Author Hannah Putman takes a look at all twenty-five of the licensure tests used in various combinations across nearly all states to determine the readiness of teachers to teach young children to read. They are a mix of reading-specific tests and tests of general educational competence that can include math, science, and other subjects, as well. She compares each test with a detailed rubric that includes the five core components of the science of reading (phonemic awareness, phonics, fluency, vocabulary, and comprehension), plus an exhaustive list of related topic areas under each of those components, and ranks each test in one of four possible categories. (The brief offers a full list and further info on her methodology.)
An acceptable test assesses at least half of all topics identified within each of the five components, does not combine reading with other subjects (e.g., math or science), and includes few practices contrary to the research. The latter is an important point, as incorrect practice can negate correct practice even where the latter is strongly encouraged and supported.
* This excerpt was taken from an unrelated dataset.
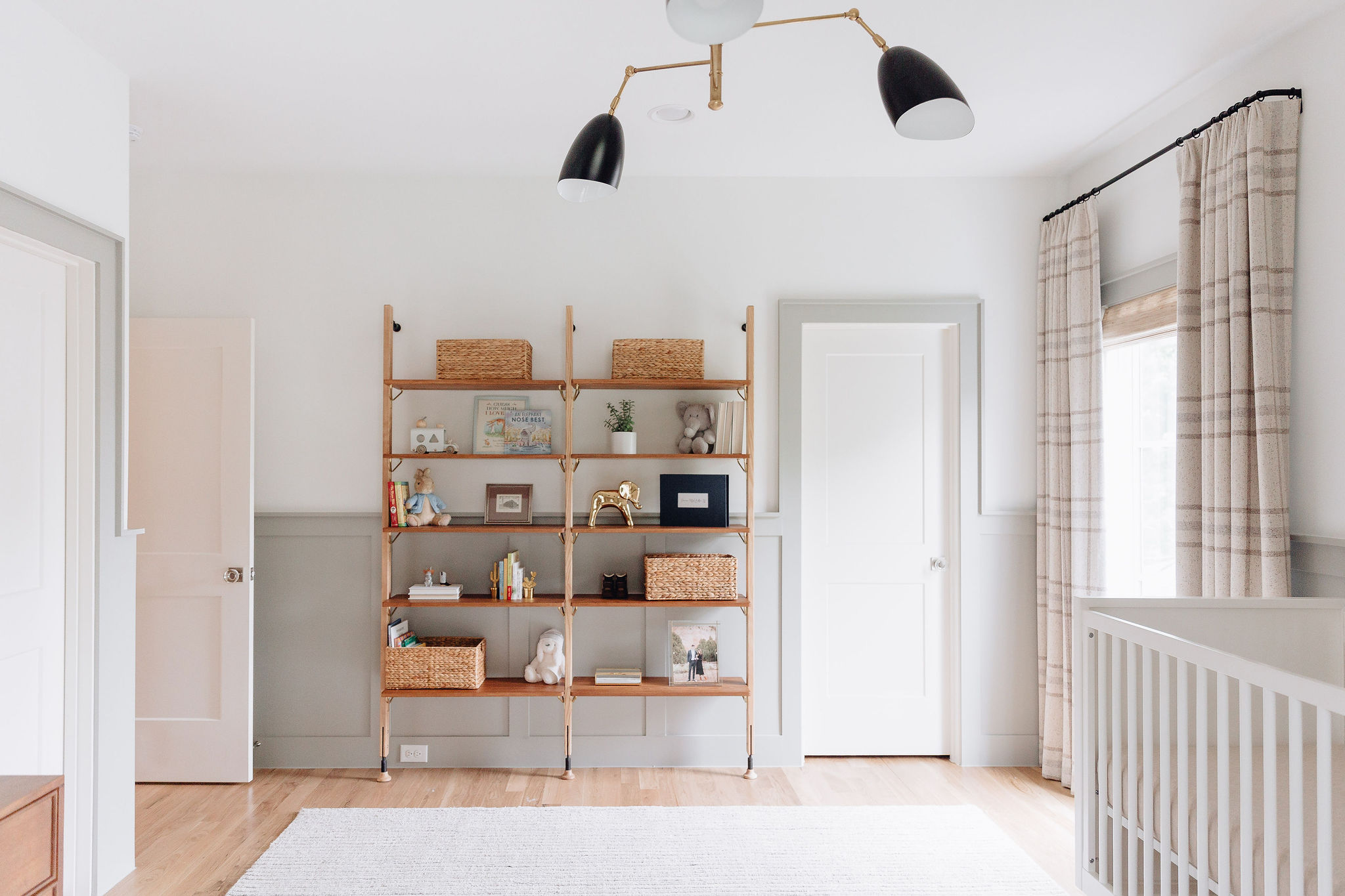 nursery bookshelves, green wainscoting, nursery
A strong test—the highest ranking here—assesses an even higher percentage (75 or more) of the topics identified within each component, meets all of the other criteria for an acceptable test, and also addresses how to support struggling readers and English learners.
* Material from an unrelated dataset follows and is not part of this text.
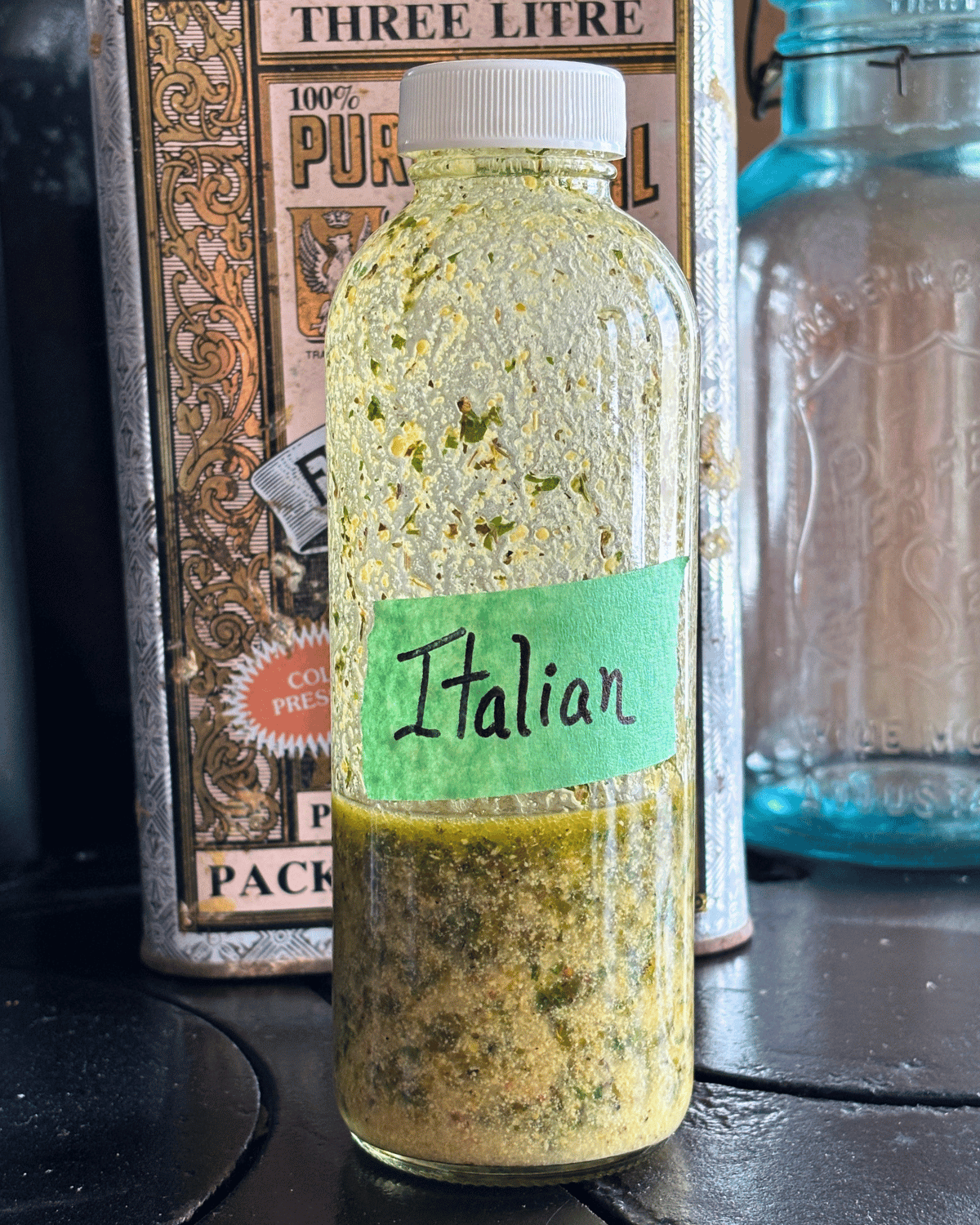 Glass bottle with golden Italian Salad dressing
A weak test either addresses fewer than half of the topics in one or more components or combines reading with one or more other subjects or includes four or more practices contrary to the research (without clearly identifying that these are undesirable teaching practices).
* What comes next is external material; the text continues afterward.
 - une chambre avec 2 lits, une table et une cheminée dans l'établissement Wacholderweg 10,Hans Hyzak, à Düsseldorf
An unacceptable test covers none of the topics in one or more components, or does not cover all five components adequately and also includes four or more contrary practices.
The bad news: While no test sunk to the depths of unacceptable, a whopping fifteen of the twenty-five qualified as weak. The most common negative factor was failure to adequately address all five components of the science of reading, and the three weakest tests addressed an average of fewer than 40 percent of topics in each component. The next-most common negative was combining reading with other subjects, such that strength in another subject could result in a passing score that masks a limited understanding of reading instruction specifically. On the upside, of the ten tests that met the criteria of acceptable, six exceeded the criteria and were rated as strong measures of aspiring teachers’ knowledge of reading instruction.
Unfortunately, weak tests are widely used across the country. Only twenty states use a strong or acceptable reading licensure test, the most common of those being the Foundations of Reading test, used by eleven states, including Fordham’s home state of Ohio. Twenty-eight states use weak tests, two use a combination of both acceptable and weak tests, and one state (Iowa) has no elementary teacher reading licensure test at all. Twelve states allow teaching candidates to choose among several different tests, although in most cases all options are weak, so the choice doesn’t matter much. Author Putman also cites the specific case of Oklahoma, which had an acceptable reading test in use, but in 2022 began allowing candidates to opt for a weaker test. (This was explained as an effort to combat a shortage of teachers in the Sooner State.)
Putman’s recommendations are straightforward. Testing companies should either shore up or discontinue their weak tests; she notes that both ETS and Pearson currently produce both low- and high-quality tests, so they should be readily able to refocus on the good stuff to the exclusion of the bad without much disruption to their business. State leaders should switch out their weak tests for stronger ones—no matter what political or administrative effort that requires—reduce the number of test options available for aspiring teachers, and close any testing loopholes that may exist. (For instance, some states do not require reading tests for special education or early childhood teachers.)
NCTQ is leading the charge to make sure that every avenue is covered to ensure that the vital components of the science of reading are taught, tested, and delivered to students, and also to ensure that all harmful teaching practices are eliminated in every corner of the education system, no matter how obscure.